There's not a single guy in the locker room who earned enough respect to get into Scout.com's Top 100 recruits coming out of high school.
English was the closest, and he remembers his final tally well: No. 111.
"You can't rate a guy's heart," Anderson said on Friday afternoon. "I'd like some Top 50 players (on my team). It would make my job easier, but you've got to work with what you've got."
Anderson has done that about as effectively as anyone in the nation.
Anderson has spent eight years as a head coach -- four at UAB and the last four at Missouri. He has five NCAA appearances in that span.
Pretty impressive for those two spots.
Missouri went on a shocking run last season at this time when DeMarre Carroll, Leo Lyons and Matt Carroll led the Tigers past Cornell, Marquette and a heavily favored Memphis team into an Elite Eight matchup against UConn.
The latest one to feel the wrath of the relentless pressure was a Clemson team that thrives on playing up-tempo.
This is what the other Tigers yearn for, to get out and run.
However, Oliver Purnell's Clemson team, which is one of the more athletic teams in the country, committed 20 turnovers and only forced nine in the loss.
It was no shock since Missouri leads the nation in forcing turnovers and steals yet only turns it over 13 times per game.
"They were quick, but I didn't think we were alert out there," Clemson point guard Demontez Stitt said.
Let's face it.
Missouri can rattle the best of 'em with the "Fastest 40 Minutes of Basketball."
The Tigers' next opponent is a West Virginia team that's weakness is its point-guard play.
I'm not calling the upset, but I wouldn't be shocked, either.
These guys may be individually anonymous, but they have earned an identity as a unit.
They take grinders, get them to buy into the team concept and play harder and faster than their opponent.
It's not that Missouri doesn't go after the McDonald's All-Americans, but the coaching staff almost always swings and misses.
"Our style is different than everyone else," Missouri assistant Matt Zimmerman said. "It sounds good, but it's tough.
"Plus, you come here, and you know you're not going to play 36 minutes a game."
English, who leads the team in scoring, logs about 24 minutes per contest.

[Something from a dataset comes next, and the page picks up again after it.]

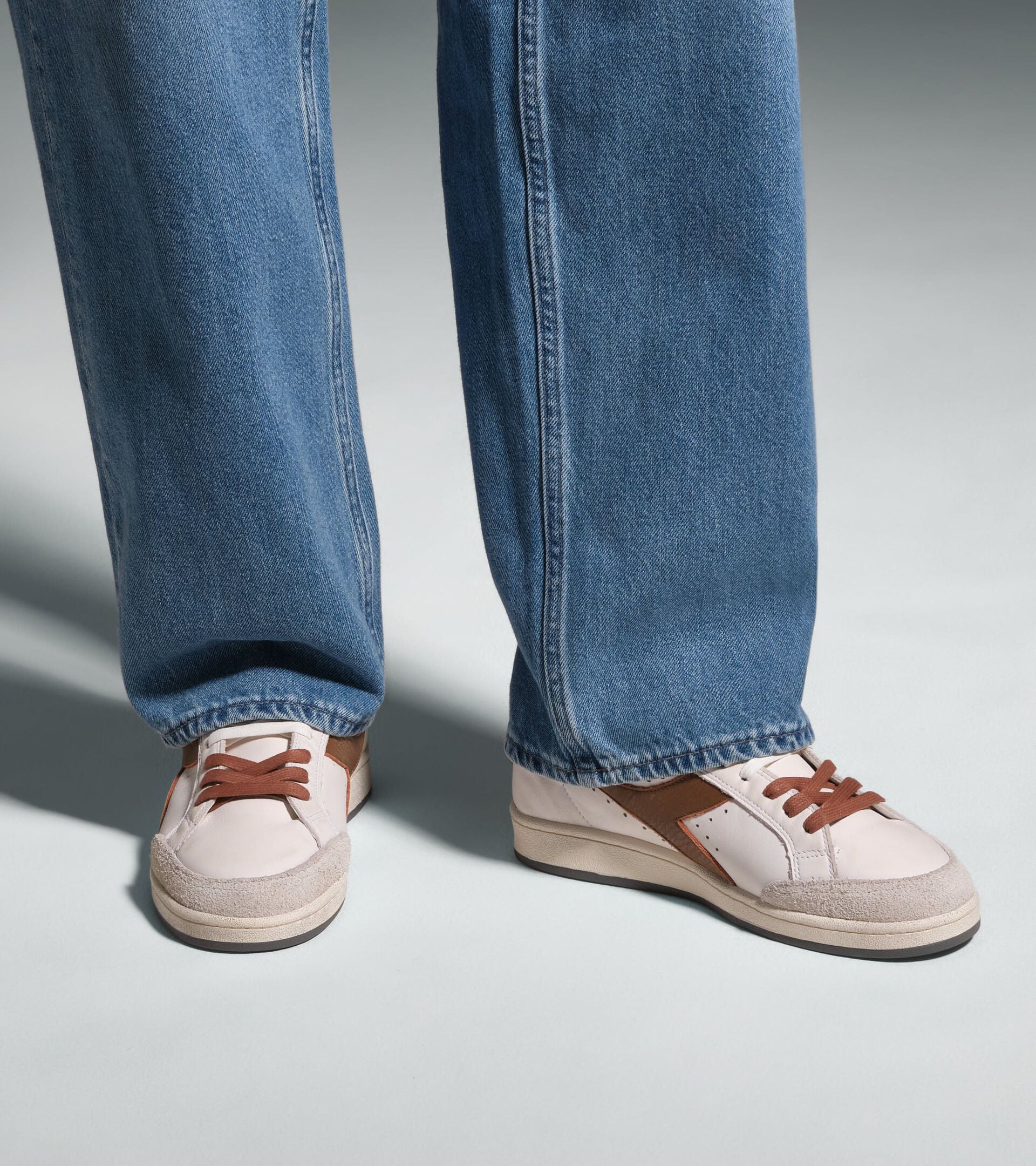 Heritage sneaker made from leather - All-gender PRESTIGE USED WHITE/BROWN - Diadora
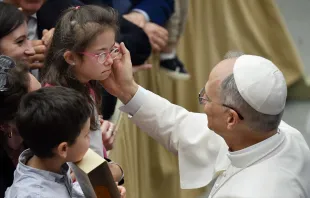 البابا لاوون الرابع عشر يبارك طفلة في خلال لقاء احتضنته قاعة بولس السادس جمعه بالعاملين في حاضرة الفاتيكان وعائلاتهم (24 مايو/أيّار 2025) مصدر الصورة: فاتيكان ميديا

Defensive-minded guard Zaire Taylor averages about 27 per game.
"We come in, and it's about winning," said sophomore guard Marcus Denmon. "We sacrifice the other things."

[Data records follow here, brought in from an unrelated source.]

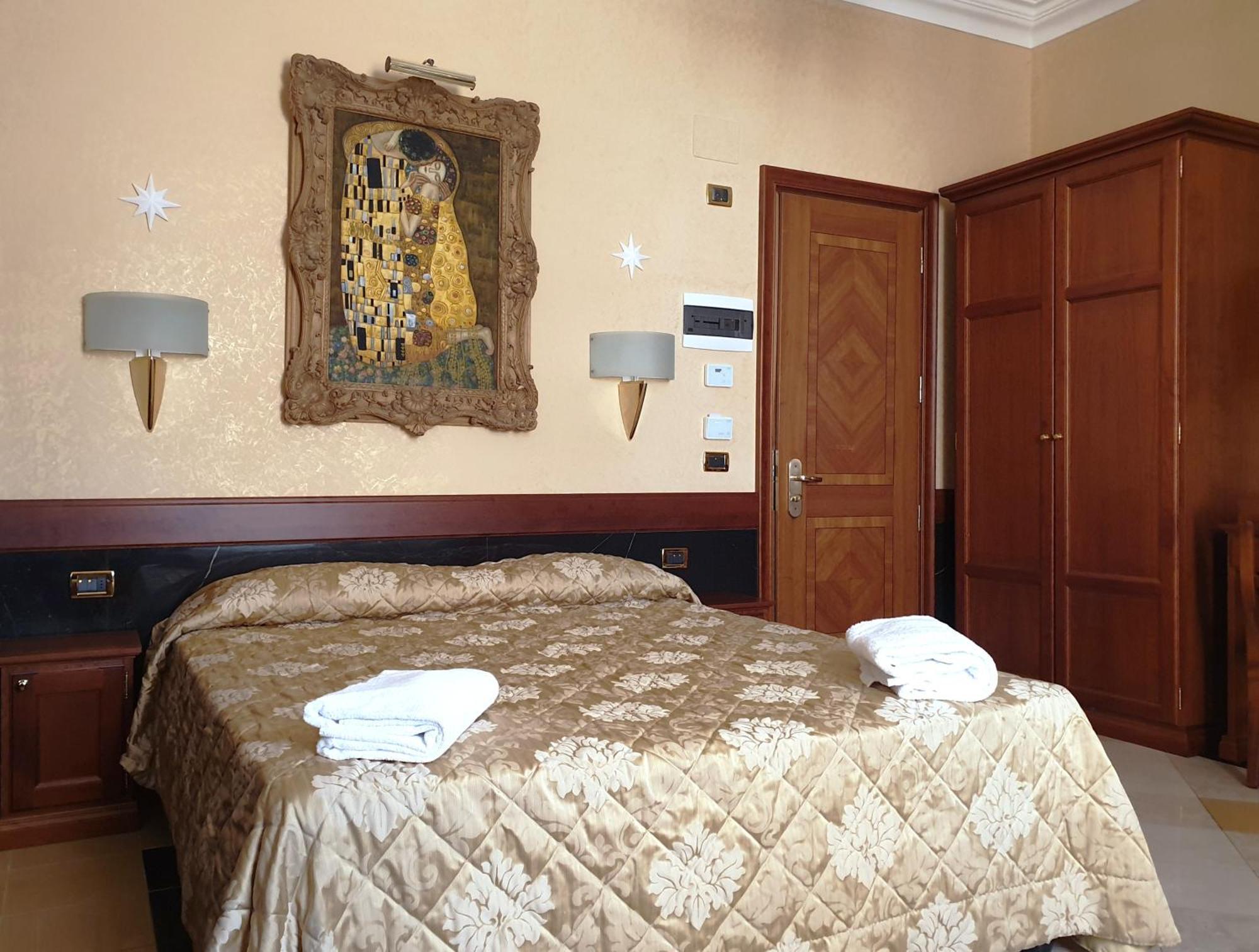 Hotel Bolivar Rome Exterior photo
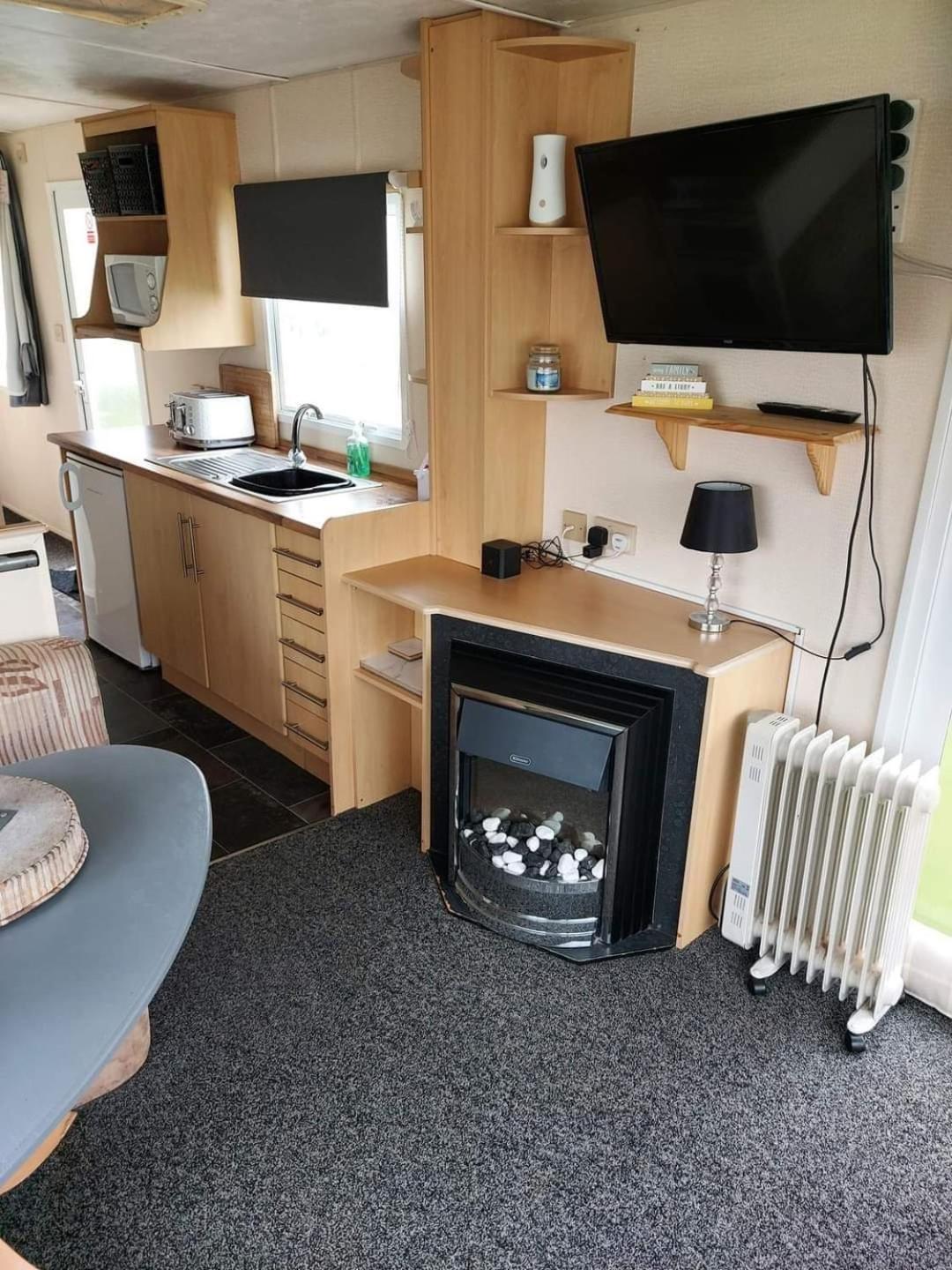 Caravan Getaway Le Mere Tunstall *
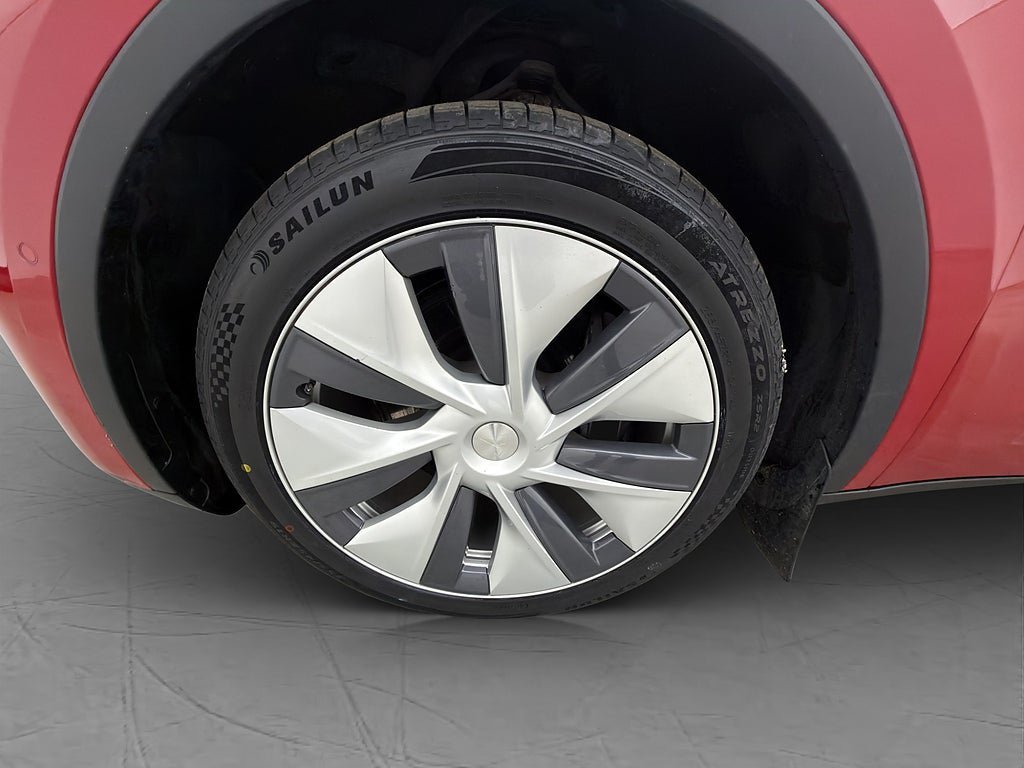 Vehicle Image 24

"We know that everyone loves a winner," added English. "Everyone's happy when you win, and we've been winning."
It's because Mizzou, for the most part, plays with intensity and a sense of urgency. When it doesn't -- on that rare occasion such as the Big 12 first-round tournament loss last week -- it can't win.
"We had no sense of urgency," English said of the Big 12 tournament loss.

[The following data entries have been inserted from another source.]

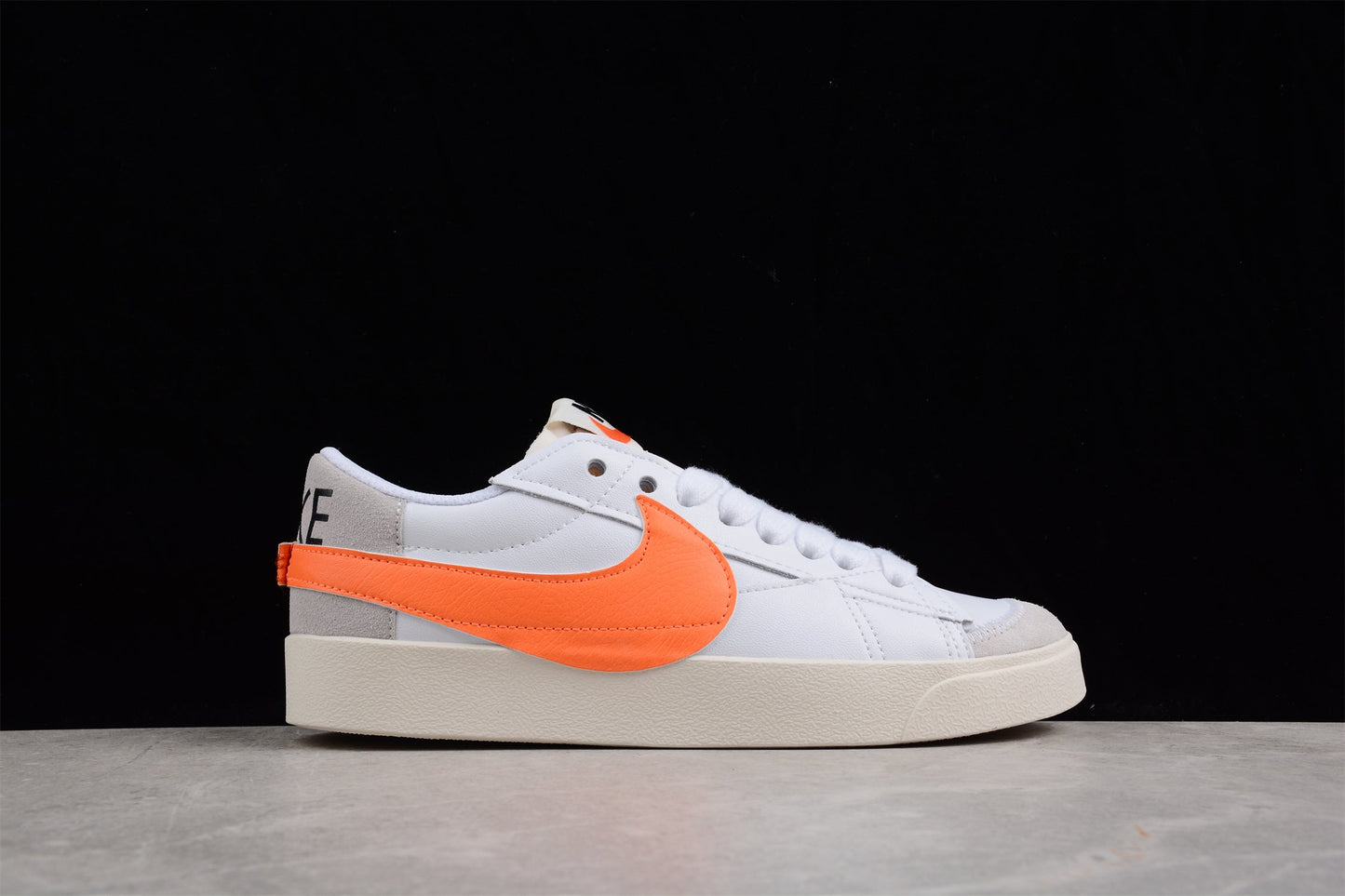 Blazer Low ’77 branco e laranja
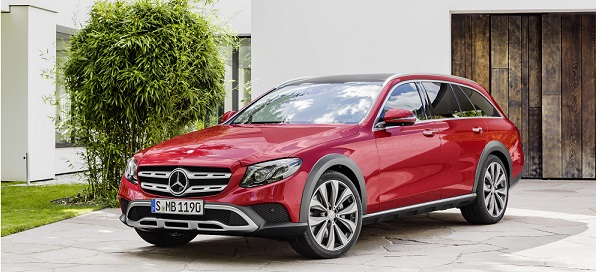 Mercedes-Benz E220d - úzké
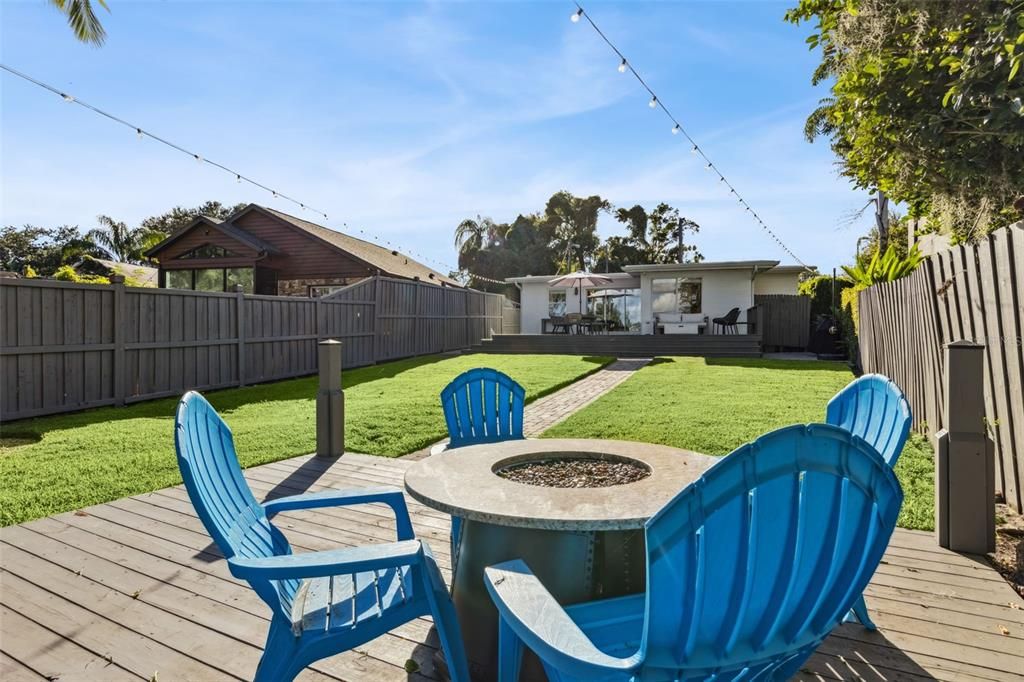 For Sale: $949,000 (2 beds, 2 baths, 1086 Square Feet)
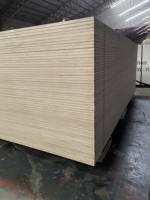 Bouleau plaqué 4X8 18mm peuplier/eucalyptus noyau contreplaqué UV2 Coading E0 utilisation intérieure 1 an cuisine Commercial Construction contreplaqué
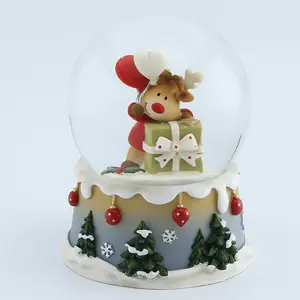 Manufacturers Direct Sales Snow Globe With Deer Resin Sculpture Water Balls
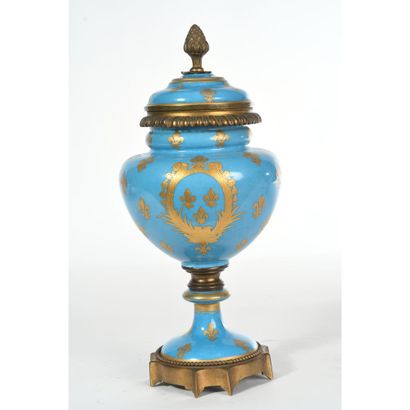 SEVRES. Covered porcelain vase with royal...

English and Keith Ramsey led the team with 20 points apiece in the victory over Clemson.
Laurence Bowers and J.T. Tiller also figured in double-digits, but it was Taylor, a starting guard, who may have flashed the widest smile in the locker room following the game despite scoring just three points and taking one shot.
Taylor and Tiller set the tone defensively for a team that creates havoc on both ends of the floor.
"Sometimes I sit there and enjoy what's going on," Anderson said. "It's crazy and erratic and the ball's popping up like popcorn."
And the movie reviews have been favorable.